Records for this task
+ + + + + + +

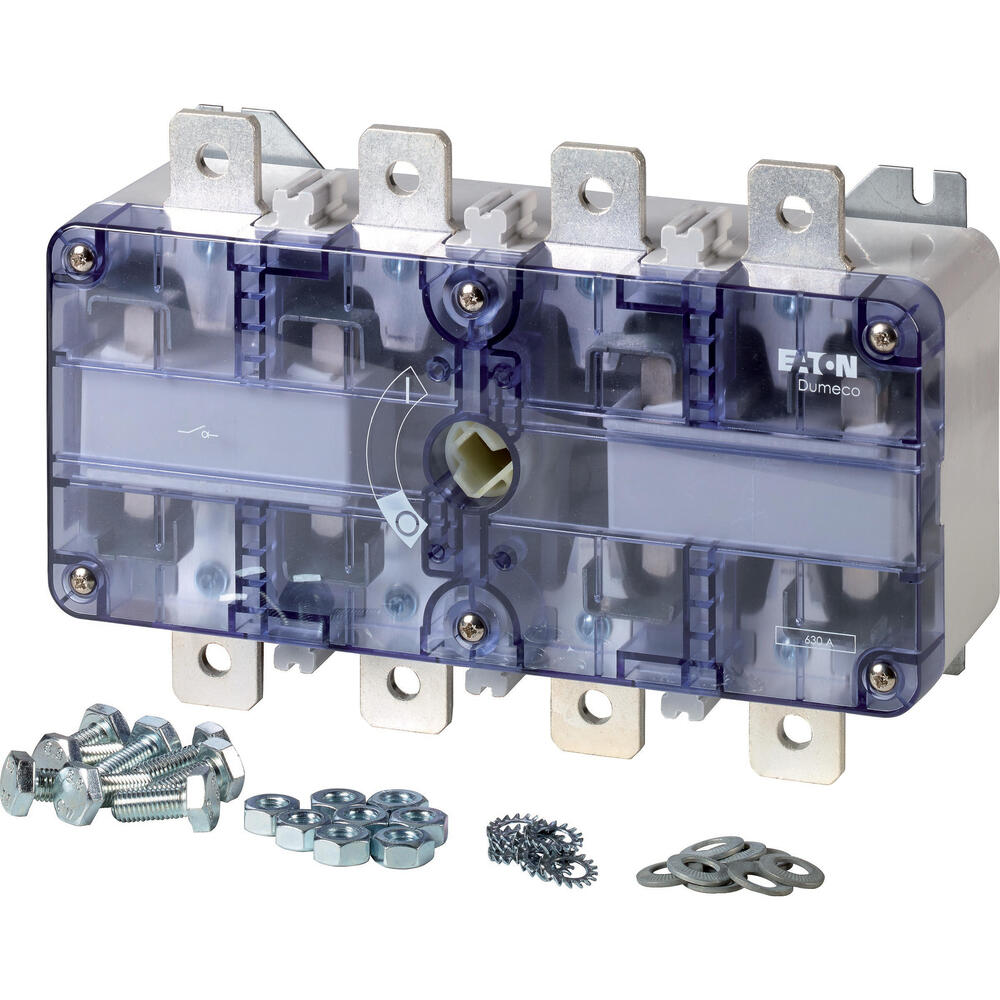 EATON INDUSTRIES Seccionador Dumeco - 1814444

+ + + + + + +

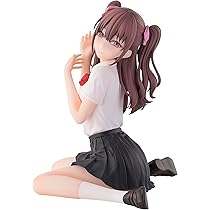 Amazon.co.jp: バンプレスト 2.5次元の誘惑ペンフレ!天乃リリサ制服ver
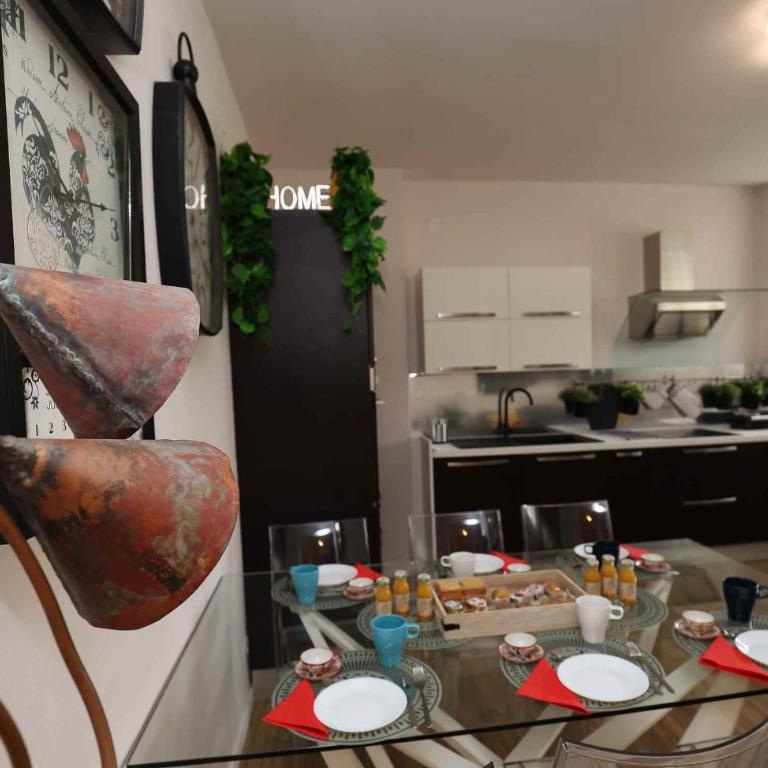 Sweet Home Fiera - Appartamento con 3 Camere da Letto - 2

+ + + + + + +

Work instruction
An exact copy of the lines above from the one with "Amazon.co.jp: バンプレスト 2.5次元の誘惑ペンフレ!天乃リリサ制服ver" up to and including the one with "Sweet Home Fiera" is required; reproduce only those lines, omitting all pictures.

Reply to the task
 Amazon.co.jp: バンプレスト 2.5次元の誘惑ペンフレ!天乃リリサ制服ver
 Sweet Home Fiera - Appartamento con 3 Camere da Letto - 2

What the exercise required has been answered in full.